Cuando se erigió el nuevo paradigma para hacer la revolución, me refiero a la vía electoral como método para consolidar los cambios de estructura que hasta ese momento se planteaba alcanzar por la vía violenta (irrupción popular con apoyo de las Fuerzas Armadas para la toma del poder), y se decidió por unanimidad ir a las elecciones de 1998 con el candidato Hugo Chávez, en ese momento se establecía que ese acto electoral sería asumido como acto revolucionario.

El 19 de abril de 1997, punto de arranque del Proceso Revolucionario Bolivariano liderado por Hugo Chávez, la Asamblea Extraordinaria del MBR-200, realizada en Valencia en el Club Social Mañongo con 1.000 delegados, estableció en la Tríada Conceptual que la forma de hacer la revolución sería por la vía pacífica y electoral.

No obstante, lo electoral como acto revolucionario significaría tomar el poder (inicio de su gestación con el triunfo electoral) para transferirlo al colectivo nacional organizado en comunidades o entidades de participación político-social. Concepción antagónica con la que prevalecía en las fuerzas del statu quo de ese entonces (modelo de democracia representativa, cupular y reformista) que lo asumían como acto burocrático; valga decir, ganar las elecciones para usufructuar el poder (beneficios para la cúpula y clientelismo para el colectivo).

Este episodio, que sigue vigente ya que el MBR-200 nunca fue disuelto sino que permanecería vivo como foco de iluminación, guía y orientación de la Revolución Bolivariana, hay que traerlo a la realidad concreta de 2020, a cinco meses del acto electoral del 6D.

La Revolución es cambio de estructura; es crear un nuevo modo de vida. La Revolución no es continuar perpetuando la base de funcionamiento de la sociedad materializada en el modelo político de la reforma (aquellos reparos inocuos que estimulan la continuidad del capitalismo fundado en las leyes del mercado).

La Revolución es cambiar de modelo político-social bajo los postulados de la tesis del Socialismo Bolivariano; que si bien no se concretará por decretos ni en un acto violento, sí se requiere que como proceso tengamos que ir avanzando por fases y etapas continuas y permanentes.

Si el acto electoral del 6D no se asume como acto revolucionario (transferir la toma de decisiones al colectivo organizado para dirigir su destino); la Revolución seguirá estancada y dominada por el reformismo; continuará su desaceleración y no se cumplirá con la razón de ser del Proceso Bolivariano. Si se continúa haciendo del acto electoral un acto burocrático, seguiremos en reforma y prevalecerán las relaciones que se generan para mantener la estructura capitalista en todos sus alcances y dimensiones.
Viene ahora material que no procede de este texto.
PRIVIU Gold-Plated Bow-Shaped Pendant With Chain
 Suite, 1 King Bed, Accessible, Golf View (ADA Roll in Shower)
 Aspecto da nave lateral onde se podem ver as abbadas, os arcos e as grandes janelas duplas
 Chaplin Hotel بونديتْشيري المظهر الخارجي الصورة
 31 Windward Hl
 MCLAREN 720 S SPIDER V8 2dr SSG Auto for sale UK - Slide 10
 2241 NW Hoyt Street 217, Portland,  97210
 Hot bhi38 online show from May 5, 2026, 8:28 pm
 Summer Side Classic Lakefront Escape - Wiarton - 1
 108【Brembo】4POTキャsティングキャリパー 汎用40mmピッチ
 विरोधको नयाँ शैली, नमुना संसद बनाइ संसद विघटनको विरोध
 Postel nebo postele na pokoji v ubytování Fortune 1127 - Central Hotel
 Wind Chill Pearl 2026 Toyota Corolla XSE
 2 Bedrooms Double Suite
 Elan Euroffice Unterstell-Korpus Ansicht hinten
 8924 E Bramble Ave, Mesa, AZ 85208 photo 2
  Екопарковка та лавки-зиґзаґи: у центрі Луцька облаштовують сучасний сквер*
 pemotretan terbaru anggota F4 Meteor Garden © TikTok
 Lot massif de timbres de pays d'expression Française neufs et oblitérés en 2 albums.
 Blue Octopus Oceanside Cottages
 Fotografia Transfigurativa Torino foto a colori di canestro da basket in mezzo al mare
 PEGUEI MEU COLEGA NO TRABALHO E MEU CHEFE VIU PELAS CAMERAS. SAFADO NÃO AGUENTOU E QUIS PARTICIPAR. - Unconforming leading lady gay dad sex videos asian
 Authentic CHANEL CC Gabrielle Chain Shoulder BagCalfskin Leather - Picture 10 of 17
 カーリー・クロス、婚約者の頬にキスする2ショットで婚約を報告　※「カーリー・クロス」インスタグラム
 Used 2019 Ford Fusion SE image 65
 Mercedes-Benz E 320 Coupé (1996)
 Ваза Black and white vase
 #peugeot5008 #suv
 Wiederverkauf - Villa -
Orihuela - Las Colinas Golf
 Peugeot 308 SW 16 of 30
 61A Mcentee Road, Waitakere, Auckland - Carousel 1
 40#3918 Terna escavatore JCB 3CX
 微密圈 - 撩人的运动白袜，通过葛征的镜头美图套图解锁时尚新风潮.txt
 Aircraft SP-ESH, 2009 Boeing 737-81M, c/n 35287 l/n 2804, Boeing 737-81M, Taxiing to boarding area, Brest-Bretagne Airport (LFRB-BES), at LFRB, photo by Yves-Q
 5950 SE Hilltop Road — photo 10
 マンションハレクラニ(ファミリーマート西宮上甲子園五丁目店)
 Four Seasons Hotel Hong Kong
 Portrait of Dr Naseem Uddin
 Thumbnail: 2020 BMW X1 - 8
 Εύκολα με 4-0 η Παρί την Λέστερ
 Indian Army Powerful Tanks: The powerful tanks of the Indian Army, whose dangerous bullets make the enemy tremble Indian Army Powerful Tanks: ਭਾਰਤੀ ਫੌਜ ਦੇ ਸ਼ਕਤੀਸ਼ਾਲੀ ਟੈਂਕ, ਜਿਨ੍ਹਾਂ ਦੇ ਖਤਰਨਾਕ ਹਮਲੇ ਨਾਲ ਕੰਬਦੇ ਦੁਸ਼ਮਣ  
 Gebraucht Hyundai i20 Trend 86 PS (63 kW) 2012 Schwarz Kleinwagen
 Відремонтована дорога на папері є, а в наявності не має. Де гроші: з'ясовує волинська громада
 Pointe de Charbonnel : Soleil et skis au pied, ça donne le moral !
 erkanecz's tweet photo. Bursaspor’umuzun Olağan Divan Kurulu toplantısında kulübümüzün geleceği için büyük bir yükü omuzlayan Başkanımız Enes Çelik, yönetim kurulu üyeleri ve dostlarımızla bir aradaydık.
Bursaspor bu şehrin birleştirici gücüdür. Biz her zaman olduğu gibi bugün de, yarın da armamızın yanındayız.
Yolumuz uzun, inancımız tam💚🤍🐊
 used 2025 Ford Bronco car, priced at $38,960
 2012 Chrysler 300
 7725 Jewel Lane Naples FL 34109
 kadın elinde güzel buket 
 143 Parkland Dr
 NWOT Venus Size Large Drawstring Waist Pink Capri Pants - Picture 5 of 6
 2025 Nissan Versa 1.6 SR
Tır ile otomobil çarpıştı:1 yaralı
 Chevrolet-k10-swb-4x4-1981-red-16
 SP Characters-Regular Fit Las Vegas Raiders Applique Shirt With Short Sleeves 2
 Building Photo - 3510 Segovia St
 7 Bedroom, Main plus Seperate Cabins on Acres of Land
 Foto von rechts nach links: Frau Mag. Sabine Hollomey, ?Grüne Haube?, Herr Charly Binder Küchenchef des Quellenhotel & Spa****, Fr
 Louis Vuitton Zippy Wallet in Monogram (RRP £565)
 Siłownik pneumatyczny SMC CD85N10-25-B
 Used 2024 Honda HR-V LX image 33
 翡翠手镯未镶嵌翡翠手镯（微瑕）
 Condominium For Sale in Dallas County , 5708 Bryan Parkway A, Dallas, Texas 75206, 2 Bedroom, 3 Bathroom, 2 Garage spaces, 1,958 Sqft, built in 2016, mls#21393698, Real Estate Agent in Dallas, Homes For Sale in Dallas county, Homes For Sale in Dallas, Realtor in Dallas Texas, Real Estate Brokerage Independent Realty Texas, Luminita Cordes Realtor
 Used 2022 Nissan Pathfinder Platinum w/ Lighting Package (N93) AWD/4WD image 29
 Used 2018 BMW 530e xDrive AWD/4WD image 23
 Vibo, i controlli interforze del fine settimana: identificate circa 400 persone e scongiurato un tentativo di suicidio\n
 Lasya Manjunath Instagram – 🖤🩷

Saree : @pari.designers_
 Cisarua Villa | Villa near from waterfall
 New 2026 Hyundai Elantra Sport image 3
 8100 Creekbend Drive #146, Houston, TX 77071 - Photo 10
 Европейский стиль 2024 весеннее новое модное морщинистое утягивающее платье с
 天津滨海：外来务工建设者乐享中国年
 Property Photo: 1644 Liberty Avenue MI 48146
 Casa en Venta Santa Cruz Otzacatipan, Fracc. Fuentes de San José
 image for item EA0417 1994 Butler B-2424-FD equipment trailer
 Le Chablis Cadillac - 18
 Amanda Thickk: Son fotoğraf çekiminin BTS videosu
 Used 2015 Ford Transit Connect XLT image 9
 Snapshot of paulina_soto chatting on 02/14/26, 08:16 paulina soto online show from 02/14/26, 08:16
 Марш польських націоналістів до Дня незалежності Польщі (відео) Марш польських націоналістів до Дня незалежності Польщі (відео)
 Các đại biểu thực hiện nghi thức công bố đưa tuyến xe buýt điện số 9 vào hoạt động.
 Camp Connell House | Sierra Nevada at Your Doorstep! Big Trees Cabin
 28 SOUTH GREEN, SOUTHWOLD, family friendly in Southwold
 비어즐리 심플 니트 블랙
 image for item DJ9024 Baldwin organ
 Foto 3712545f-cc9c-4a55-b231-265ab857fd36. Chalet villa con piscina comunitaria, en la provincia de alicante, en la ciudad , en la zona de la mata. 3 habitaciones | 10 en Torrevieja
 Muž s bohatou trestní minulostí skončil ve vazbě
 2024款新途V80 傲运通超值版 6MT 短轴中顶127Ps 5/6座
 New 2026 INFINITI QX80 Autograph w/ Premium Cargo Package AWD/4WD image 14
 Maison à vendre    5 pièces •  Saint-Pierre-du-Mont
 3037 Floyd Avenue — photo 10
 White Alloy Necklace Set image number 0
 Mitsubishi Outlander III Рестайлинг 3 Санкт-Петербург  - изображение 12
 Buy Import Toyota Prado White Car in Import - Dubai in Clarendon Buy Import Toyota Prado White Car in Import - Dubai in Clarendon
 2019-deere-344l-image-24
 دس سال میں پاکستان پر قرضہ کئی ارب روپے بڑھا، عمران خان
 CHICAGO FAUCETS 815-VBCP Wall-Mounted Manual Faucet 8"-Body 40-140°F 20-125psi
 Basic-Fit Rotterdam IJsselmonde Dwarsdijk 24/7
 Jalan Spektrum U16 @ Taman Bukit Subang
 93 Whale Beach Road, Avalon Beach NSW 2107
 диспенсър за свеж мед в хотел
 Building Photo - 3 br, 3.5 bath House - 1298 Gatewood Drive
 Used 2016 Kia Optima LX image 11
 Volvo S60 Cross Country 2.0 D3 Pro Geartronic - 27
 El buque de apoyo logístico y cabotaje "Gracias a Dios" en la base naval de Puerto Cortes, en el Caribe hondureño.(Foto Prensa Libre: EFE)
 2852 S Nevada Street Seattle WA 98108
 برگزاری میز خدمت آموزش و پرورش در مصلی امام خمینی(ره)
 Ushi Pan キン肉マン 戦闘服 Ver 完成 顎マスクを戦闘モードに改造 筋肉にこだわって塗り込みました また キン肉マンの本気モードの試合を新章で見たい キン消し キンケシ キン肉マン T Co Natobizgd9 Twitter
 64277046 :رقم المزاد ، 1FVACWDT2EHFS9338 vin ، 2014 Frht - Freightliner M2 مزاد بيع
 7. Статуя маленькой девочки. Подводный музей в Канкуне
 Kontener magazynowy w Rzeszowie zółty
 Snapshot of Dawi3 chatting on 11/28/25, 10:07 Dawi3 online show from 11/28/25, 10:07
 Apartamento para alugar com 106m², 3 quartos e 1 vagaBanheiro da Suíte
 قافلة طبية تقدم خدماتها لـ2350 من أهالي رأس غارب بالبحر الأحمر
Si el acto electoral del 6D se toma como acto revolucionario entonces se iniciará una etapa de re-aceleración de la Revolución que irá estableciendo nuevas fases para avanzar en el cambio de estructura y en la implantación del Socialismo Bolivariano dentro de las especificidades de la realidad venezolana.

Por lo tanto, les hago un llamado a las autoridades constituidas (pivote que sirve de palanca generadora de la direccionalidad colectiva) a que se involucren con el espíritu del 19 de abril de 1997, vigente como imagen objetivo del MBR-200 impregnado de la acción del inmortal Chávez, para que establezcan de manera inequívoca que estamos en un proceso revolucionario (no reformista), que busca el cambio de estructura y que las elecciones marcan puntos de inicio de momentos temporales de la Revolución para la transformación de los entes de dirección de la sociedad en Vocerías Populares y generar los mecanismos del ejercicio del autogobierno.